As duas cerimônias num único ano são resultado da greve de atores e roteiristas que tomou Hollywood, empurrando a premiação de 2023 para 2024. Agora, os rostos mais badalados das telinhas americanas retornam ao Teatro Peacock, em Los Angeles, a partir das 21h de Brasília, para uma nova entrega de troféus –muito diferente da anterior, porém.
Mesmo com um curto espaço de tempo entre a 75ª e a 76ª edição, a festa deste domingo tem outra cara. Sem as badaladas “Succession”, “The Last of Us”, “Better Call Saul” ou “The White Lotus” no páreo, é a comédia que brilha agora, em meio a indicações dramáticas, historicamente consideradas mais nobres, que não causaram muita comoção desta vez.
Cada vez maiores e mais ambiciosas, as séries dramáticas demoram a sair da sala de pós-produção e, consequentemente, a ter novas temporadas lançadas. Gigantes como “A Casa do Dragão“, “Stranger Things” e “O Senhor dos Anéis: Os Anéis de Poder” não conseguiram entregar episódios novos a tempo desta edição, por exemplo.

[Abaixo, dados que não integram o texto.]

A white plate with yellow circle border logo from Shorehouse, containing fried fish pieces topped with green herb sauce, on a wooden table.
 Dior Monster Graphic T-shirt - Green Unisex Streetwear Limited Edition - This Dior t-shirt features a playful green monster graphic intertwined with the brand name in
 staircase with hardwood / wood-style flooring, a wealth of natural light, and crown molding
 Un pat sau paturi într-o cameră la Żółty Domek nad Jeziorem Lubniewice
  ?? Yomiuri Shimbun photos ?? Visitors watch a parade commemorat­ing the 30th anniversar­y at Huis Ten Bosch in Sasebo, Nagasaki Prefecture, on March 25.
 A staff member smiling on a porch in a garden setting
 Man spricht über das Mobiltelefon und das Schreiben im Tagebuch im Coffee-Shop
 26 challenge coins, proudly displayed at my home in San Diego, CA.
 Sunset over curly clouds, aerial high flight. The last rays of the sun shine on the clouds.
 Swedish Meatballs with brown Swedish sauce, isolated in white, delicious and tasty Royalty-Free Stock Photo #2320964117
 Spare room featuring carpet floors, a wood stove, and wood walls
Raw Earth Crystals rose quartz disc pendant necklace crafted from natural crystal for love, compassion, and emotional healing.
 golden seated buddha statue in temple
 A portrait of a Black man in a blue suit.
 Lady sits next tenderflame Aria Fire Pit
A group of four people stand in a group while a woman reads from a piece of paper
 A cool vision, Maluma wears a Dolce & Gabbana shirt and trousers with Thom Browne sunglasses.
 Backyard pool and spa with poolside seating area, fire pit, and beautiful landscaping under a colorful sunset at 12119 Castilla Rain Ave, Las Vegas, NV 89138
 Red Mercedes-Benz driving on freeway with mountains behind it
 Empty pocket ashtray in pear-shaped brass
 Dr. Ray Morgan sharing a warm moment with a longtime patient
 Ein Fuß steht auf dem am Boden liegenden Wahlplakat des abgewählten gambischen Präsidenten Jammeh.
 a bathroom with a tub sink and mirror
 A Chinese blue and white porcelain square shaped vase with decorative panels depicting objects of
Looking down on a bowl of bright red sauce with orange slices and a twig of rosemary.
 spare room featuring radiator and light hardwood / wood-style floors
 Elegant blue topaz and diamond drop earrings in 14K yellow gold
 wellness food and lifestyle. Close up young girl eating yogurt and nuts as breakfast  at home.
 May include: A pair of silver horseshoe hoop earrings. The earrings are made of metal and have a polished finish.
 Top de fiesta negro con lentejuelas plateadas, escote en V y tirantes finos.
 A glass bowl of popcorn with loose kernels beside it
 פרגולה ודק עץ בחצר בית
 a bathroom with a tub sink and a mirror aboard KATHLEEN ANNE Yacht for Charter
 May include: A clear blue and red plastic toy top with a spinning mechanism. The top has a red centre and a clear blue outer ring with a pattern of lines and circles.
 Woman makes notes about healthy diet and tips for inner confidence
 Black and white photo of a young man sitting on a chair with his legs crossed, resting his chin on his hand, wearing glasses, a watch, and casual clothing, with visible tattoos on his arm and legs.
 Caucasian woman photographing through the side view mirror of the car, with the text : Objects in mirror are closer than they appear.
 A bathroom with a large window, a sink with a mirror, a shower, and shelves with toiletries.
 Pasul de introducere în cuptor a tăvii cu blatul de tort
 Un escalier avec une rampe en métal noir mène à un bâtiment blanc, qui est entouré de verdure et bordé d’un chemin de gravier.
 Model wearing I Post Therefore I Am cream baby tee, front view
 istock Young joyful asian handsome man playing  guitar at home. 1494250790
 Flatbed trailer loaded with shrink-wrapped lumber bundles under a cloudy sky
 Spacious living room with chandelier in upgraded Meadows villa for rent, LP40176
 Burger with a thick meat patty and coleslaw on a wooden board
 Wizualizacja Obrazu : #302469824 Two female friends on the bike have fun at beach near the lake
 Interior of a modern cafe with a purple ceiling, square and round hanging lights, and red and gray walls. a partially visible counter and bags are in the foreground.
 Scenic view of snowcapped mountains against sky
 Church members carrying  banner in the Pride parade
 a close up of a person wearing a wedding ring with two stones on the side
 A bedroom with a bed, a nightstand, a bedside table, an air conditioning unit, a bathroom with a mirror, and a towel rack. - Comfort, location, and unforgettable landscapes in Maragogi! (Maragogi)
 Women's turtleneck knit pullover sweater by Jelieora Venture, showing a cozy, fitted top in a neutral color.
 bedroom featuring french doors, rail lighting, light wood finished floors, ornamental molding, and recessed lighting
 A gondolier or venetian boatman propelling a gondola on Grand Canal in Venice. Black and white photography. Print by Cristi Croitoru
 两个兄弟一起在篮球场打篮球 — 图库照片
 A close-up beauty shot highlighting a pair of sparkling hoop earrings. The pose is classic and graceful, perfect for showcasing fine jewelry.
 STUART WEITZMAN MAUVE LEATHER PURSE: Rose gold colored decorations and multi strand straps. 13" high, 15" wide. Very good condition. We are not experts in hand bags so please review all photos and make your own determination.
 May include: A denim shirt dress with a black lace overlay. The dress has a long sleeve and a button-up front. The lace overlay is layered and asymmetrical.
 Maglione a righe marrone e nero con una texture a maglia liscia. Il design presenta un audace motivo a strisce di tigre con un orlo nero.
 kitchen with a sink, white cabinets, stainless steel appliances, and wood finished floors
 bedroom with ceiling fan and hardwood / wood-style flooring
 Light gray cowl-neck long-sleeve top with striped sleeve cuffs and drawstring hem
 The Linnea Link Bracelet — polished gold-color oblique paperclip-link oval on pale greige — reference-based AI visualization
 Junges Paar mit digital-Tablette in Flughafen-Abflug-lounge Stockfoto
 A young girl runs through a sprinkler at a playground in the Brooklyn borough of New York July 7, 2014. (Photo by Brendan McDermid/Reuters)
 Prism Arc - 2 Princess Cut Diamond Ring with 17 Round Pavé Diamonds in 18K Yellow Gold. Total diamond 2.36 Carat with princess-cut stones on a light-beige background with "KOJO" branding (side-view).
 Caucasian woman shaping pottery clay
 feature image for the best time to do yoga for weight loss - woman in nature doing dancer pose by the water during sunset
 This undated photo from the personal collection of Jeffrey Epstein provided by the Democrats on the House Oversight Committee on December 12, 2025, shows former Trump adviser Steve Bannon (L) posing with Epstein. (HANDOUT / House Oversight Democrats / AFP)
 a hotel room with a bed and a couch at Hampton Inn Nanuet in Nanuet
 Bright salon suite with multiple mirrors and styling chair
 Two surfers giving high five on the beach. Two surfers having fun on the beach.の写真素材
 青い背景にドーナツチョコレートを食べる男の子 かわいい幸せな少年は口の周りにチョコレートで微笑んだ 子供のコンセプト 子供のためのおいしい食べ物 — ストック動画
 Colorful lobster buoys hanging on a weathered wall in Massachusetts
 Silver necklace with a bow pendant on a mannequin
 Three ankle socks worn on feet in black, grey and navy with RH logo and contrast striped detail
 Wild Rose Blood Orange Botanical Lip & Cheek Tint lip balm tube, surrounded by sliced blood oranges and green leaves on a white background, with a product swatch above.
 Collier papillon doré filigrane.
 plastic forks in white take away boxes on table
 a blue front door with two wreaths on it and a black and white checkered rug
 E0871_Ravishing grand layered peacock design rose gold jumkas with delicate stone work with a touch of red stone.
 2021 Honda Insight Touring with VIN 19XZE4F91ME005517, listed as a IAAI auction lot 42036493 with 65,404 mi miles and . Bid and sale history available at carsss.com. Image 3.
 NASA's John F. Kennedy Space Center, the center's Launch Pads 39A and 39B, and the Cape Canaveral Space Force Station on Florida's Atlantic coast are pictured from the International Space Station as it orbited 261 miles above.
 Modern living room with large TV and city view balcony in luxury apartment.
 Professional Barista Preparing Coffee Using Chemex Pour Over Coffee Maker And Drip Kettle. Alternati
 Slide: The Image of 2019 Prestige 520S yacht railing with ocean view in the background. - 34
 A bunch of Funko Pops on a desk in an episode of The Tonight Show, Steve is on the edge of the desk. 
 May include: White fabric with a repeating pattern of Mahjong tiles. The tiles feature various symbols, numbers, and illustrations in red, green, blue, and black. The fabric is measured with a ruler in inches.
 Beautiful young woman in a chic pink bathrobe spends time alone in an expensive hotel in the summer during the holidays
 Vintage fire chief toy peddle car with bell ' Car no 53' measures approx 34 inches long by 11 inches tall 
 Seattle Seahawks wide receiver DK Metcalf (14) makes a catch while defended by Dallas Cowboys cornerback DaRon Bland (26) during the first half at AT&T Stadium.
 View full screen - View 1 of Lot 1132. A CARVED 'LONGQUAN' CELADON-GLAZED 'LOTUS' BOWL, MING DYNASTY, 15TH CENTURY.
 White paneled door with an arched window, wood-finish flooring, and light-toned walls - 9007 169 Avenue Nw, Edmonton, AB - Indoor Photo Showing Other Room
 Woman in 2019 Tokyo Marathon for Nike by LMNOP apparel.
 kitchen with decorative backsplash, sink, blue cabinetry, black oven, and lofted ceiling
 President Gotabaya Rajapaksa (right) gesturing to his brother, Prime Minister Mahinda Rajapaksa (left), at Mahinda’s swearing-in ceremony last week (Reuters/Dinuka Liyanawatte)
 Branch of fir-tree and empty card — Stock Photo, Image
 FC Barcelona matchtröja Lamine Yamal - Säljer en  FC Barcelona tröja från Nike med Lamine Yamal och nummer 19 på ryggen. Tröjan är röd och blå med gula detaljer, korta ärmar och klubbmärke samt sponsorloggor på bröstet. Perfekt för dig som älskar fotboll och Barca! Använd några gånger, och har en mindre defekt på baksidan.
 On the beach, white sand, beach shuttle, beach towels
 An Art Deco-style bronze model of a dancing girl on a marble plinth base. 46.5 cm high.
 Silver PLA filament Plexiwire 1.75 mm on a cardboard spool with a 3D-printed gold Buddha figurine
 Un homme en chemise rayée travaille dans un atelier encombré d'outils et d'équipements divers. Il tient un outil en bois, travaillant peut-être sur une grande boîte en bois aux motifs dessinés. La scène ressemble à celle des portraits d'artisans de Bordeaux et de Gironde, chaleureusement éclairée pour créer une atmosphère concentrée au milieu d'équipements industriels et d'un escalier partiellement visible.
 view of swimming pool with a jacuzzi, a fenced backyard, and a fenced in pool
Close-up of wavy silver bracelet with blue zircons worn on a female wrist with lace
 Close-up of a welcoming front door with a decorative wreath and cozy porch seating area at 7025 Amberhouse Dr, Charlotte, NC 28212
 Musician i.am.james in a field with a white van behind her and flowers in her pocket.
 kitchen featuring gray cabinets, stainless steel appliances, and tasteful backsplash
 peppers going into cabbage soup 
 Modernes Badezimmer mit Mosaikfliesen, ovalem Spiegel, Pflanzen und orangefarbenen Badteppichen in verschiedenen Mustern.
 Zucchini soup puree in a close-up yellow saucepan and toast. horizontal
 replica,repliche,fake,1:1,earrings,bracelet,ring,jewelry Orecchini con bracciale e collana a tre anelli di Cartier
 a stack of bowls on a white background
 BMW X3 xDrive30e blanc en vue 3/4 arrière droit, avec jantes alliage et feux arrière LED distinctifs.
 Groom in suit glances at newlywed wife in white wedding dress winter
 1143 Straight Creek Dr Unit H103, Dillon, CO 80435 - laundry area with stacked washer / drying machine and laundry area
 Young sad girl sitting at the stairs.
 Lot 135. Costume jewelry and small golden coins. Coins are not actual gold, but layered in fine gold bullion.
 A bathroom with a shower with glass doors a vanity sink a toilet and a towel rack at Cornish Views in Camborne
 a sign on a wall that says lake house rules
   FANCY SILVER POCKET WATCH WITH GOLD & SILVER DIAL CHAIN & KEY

No entanto, como mais indicado da noite, ainda temos um drama. A novata “Xógum: A Gloriosa Saga do Japão” saiu na frente, com 25 menções, acompanhada de perto pelas 23 de “O Urso”, que encabeça as comédias –é um recorde dentro do gênero, numa evidência da atenção dada a esta ala e também à natureza incerta desta produção.
Não é segredo para a indústria que “O Urso” é mais drama que comédia. Mas como são os estúdios que definem em que categorias submetem suas produções, a Disney percebeu que a trama de meia hora por episódio, ambientada dentro de uma cozinha e sem grandes firulas, poderia ser ofuscada pela ação épica de “Xógum”, as intrigas palacianas de “The Crown” ou os efeitos especiais de “Fallout“.
É irônico que “O Urso” agora seja a grande queridinha deste Emmy, porque seria fácil imaginá-la triunfando nas categorias dramáticas deste ano –fato que provavelmente não ocorreria em sua temporada anterior, pela qual venceu como melhor comédia.
Além de “Xógum”, “O Urso” poderia ter “The Crown”, “Fallout”, “A Idade Dourada”, “The Morning Show”, “Sr. & Sra. Smith”, “Slow Horses” e “O Problema dos 3 Corpos” como competidoras se ficasse em drama. Mas enfrenta, nesta noite, as comédias “Abbott Elementary”, “Hacks”, “Segura a Onda”, “Only Murders in the Building”, “Reservation Dogs”, “Palm Royale” e “O que Fazemos nas Sombras”.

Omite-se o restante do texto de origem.